Sébastien Riffault makes Sancerre like no other. These are incredible wines with a cult status, found in some of the world’s top restaurants, bars and wine shops. Whilst majority of the region is filled with chemical induced vineyards and austere, formulated wines, Sébastien’s wines are atypical. One of the main factors, is that he picks late so that the grapes are partly affected by botrytis – however, the wines are vinified dry. This coupled with long élevage and zero additions (apart from 10ppm SO2 in Les Quarterons) brings about wines of a unique and ethereal nature. They are complex wines of contemplation.
Sébastien began working with his father Etienne in 2000. The Riffault family have been making wine in Sancerre for generations. He quickly began converting the family vineyards to biodynamic viticulture – starting with one plot, seeing results, which then convinced his father to allow him to continue to convert all the vineyards. He planted many flowers, plants and grasses, to promote as much life as possible. Biodiversity was key. They continued to make wines under his father's label until he believed the soil had been rejuvenated. He made his first wines in 2004.

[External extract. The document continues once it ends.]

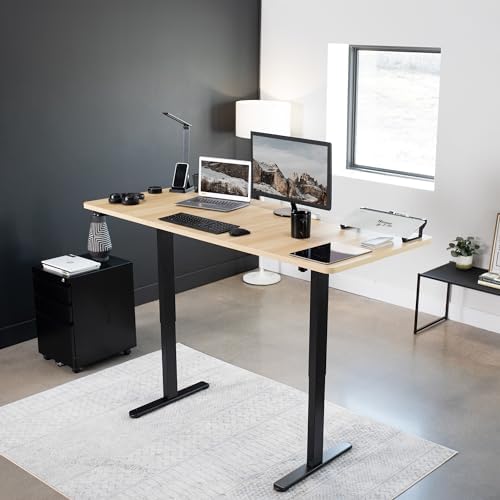VIVO Light Wood 71 x 30 in Standing Desk, DESK-KIT-0B7C - Image 2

He plows between the vines with horses, and forgoes the use of machinery. The grapes are picked by hand, and more importantly, sorted by hand (grape by grape), to ensure only quality berries are used, and that any gray rot is removed – a risk when botrytis is found. The grapes are fermented naturally in tank, and then stay in tank for two years. All wines (except Les Quarterons) are then transferred to old wood except for another year of ageing. They are never fined or filtered, and are bottled by gravity.